Dante and the eight girls on the squad showed their stuff at the annual boys and girls clubs state cheerleading competition at the University of Maryland earlier this month. A competition official said there were no records on male participation, but that in her 20 years with the organization, Dante was only the second boy she recalled competing in the traditionally all-girl event.
"He gets all the attention. He thinks it's fun. He likes it," said Dante's mom, Angela Philpott, 26, a former Friendly High cheerleader.
"He always likes to be the center attraction so it didn't bother him none," said Dante's grandmother Annette Barnes, who made her grandson a pair of burgundy shorts to match the skirts worn by the girls on his squad.
Ms. Barnes said she gave Dante this advice: "You can be what you want to be. Let people say what they want to say."
Ms. Philpott said Dante got involved in cheerleading because his 6-year-old cousin was doing it. Dante helped her learn the cheers and then was recruited to the squad by Mae McKoy, cheerleading commissioner for the Camp Springs club.
Last year, Dante participated in soccer and cheerleading through the club. But this year, a doctor prohibited Dante, an asthmatic, from playing soccer. So instead, he leads the cheers for the club's football team, the Tigers.
"One reason I like cheerleading is because it's fun," said Dante, a second-grader at Middleton Valley Elementary School in Temple Hills.
Ms. McKoy said she has encouraged other boys to try cheerleading but has been unsuccessful. She said it was important to "break down the male concept that cheerleading and ballet is strictly for girls."
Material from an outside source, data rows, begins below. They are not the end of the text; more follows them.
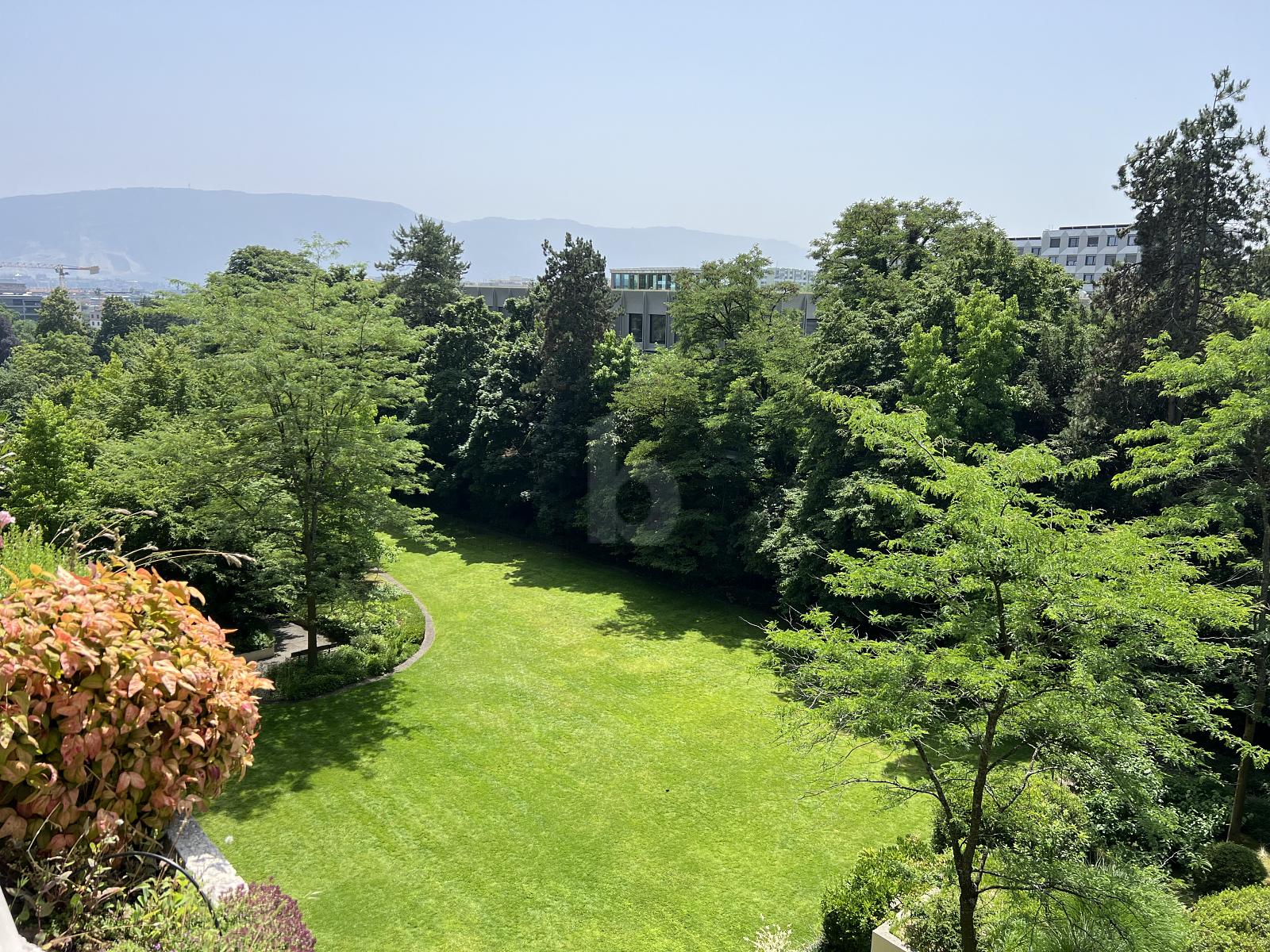 AU COEUR D'UN PARC VERDOYANT SANS VIS-À-VIS - 0
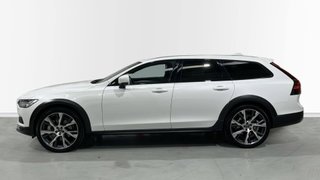 Volvo V90  cross country  B4 plus awd 2024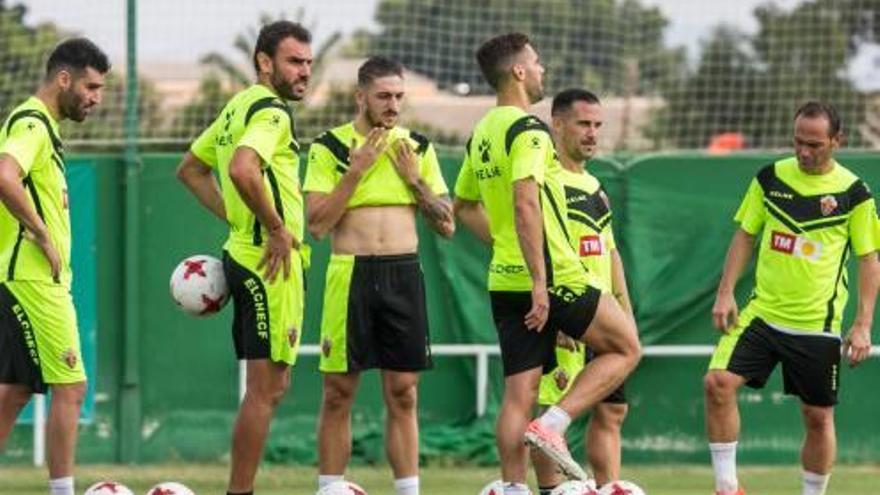 Entrenamiento de ayer por la mañana en el campo anexo al Martínez Valero.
"I thought that maybe he could set the example," Ms. McKoy said. "I've had some boys that said, 'Hmmm, I might do it.' But then the fathers come along and say, 'Oh, no, not my son.' "
Initially, Dante's dad "was like, 'No, uh-uh,' " Ms. Philpott said, but he eventually relented.
When Dante does occasionally get fed up with cheerleading, it's not because of gender stereotyping. It's the decibel level that he has to generate.
"One night, I came home with a sore throat," he said.